Top of Data provided
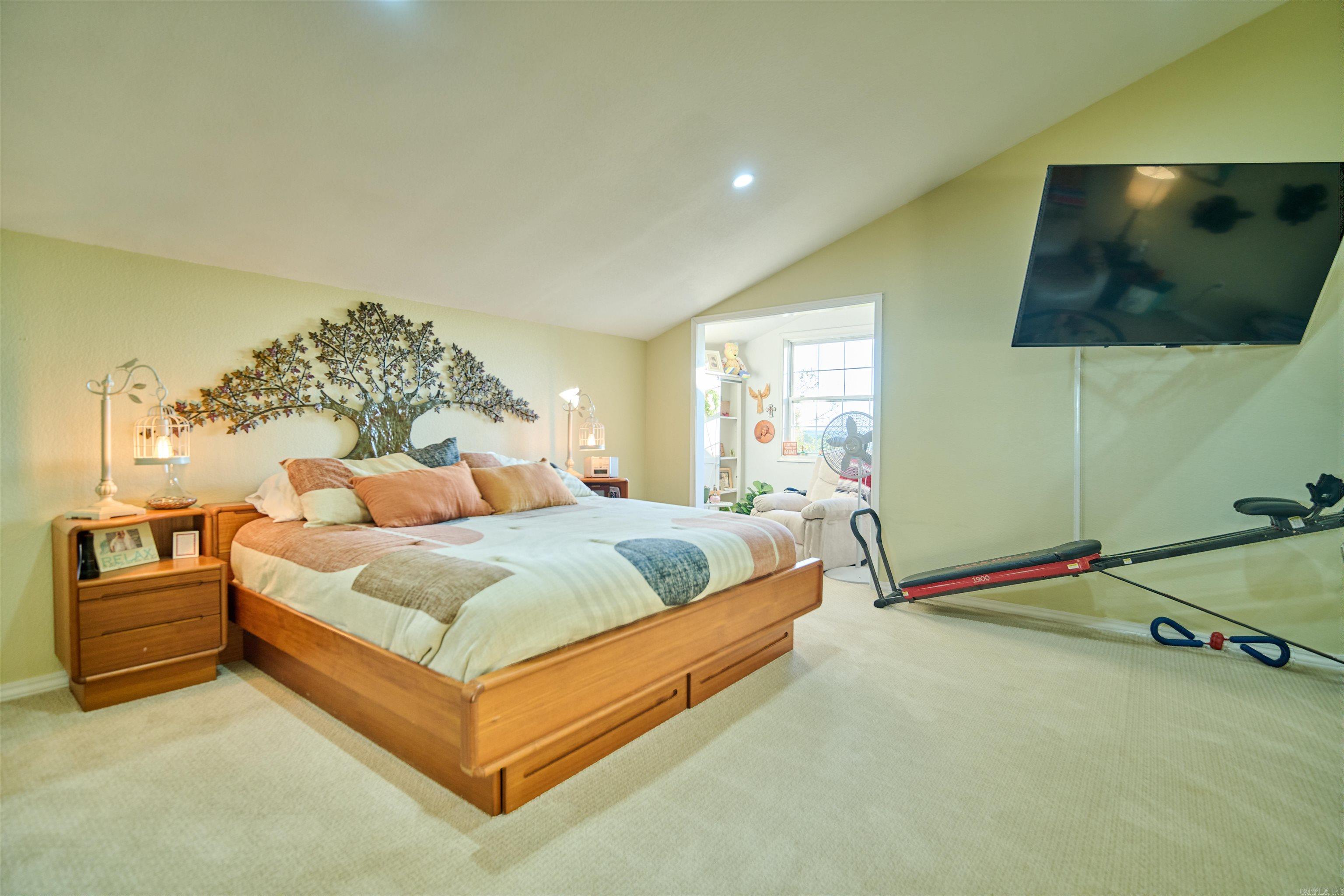 KIMA THIRD - Residential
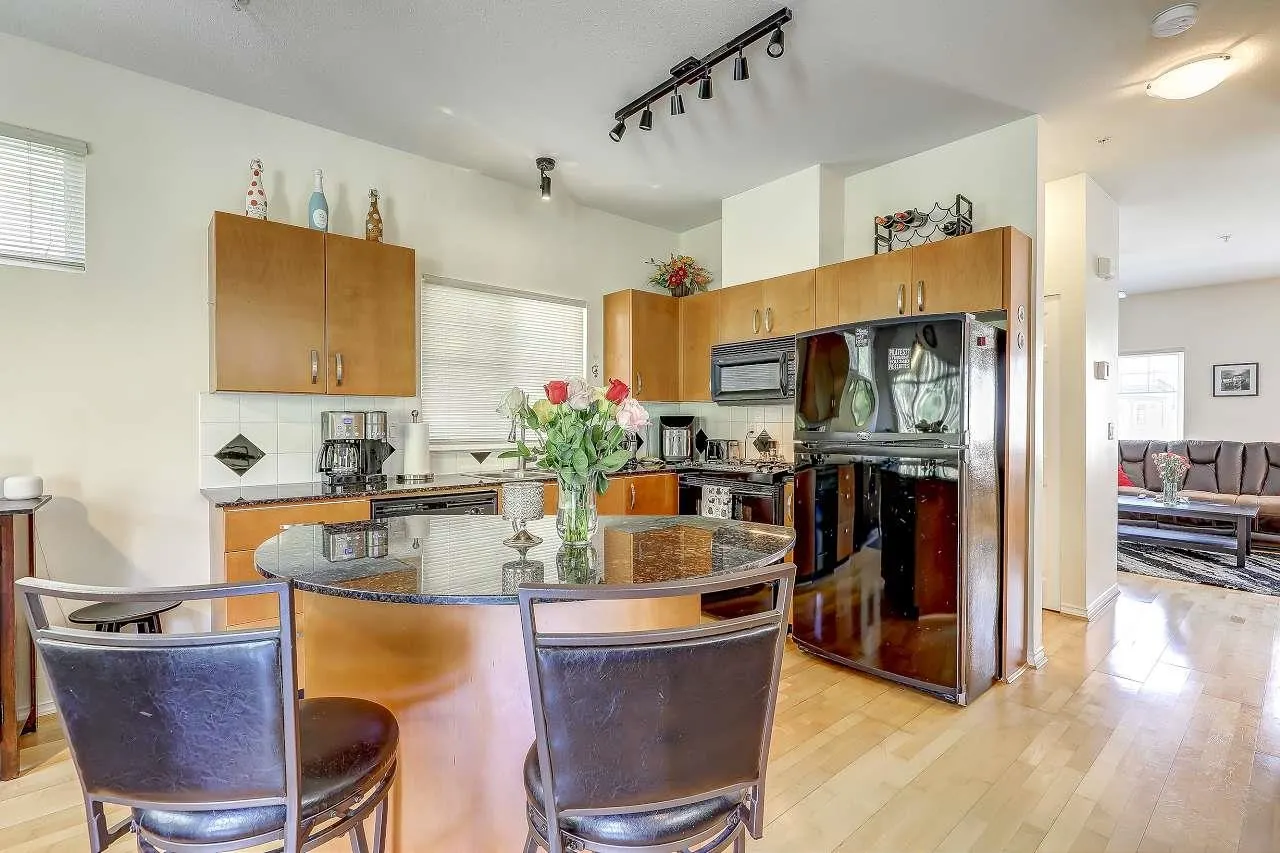 1108 Riverside Close #14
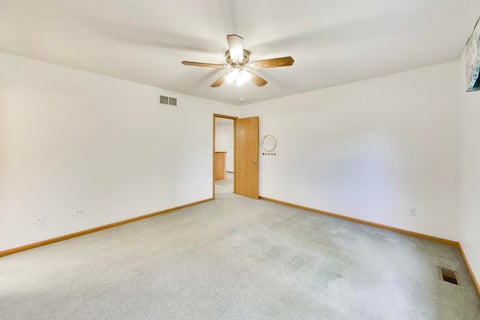 Tiny photo for 231 Clover Chase Circle, Woodstock, IL 60098 (MLS # 12692371)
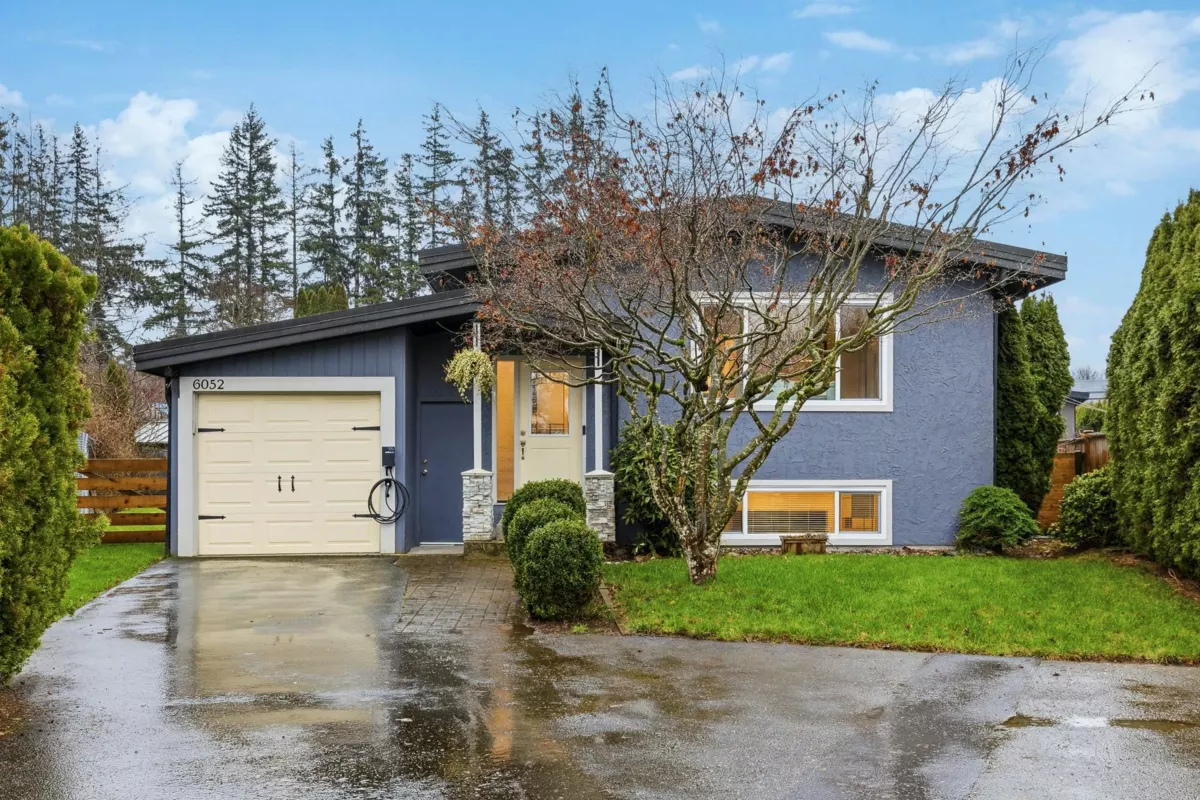 Kitchen Island Photo of 6052 Glengarry Drive, Chilliwack, BC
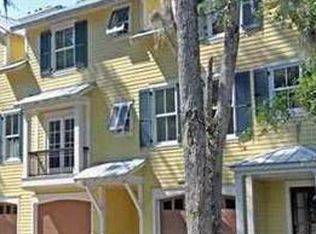 207 Oyster Point Dr, Midway, GA 31320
Bottom of Data provided
Please give again only the lines from the one containing "Kitchen Island Photo" through the last line of the entries above, exactly as they stand and without pictures.

» Task output
 Kitchen Island Photo of 6052 Glengarry Drive, Chilliwack, BC
 207 Oyster Point Dr, Midway, GA 31320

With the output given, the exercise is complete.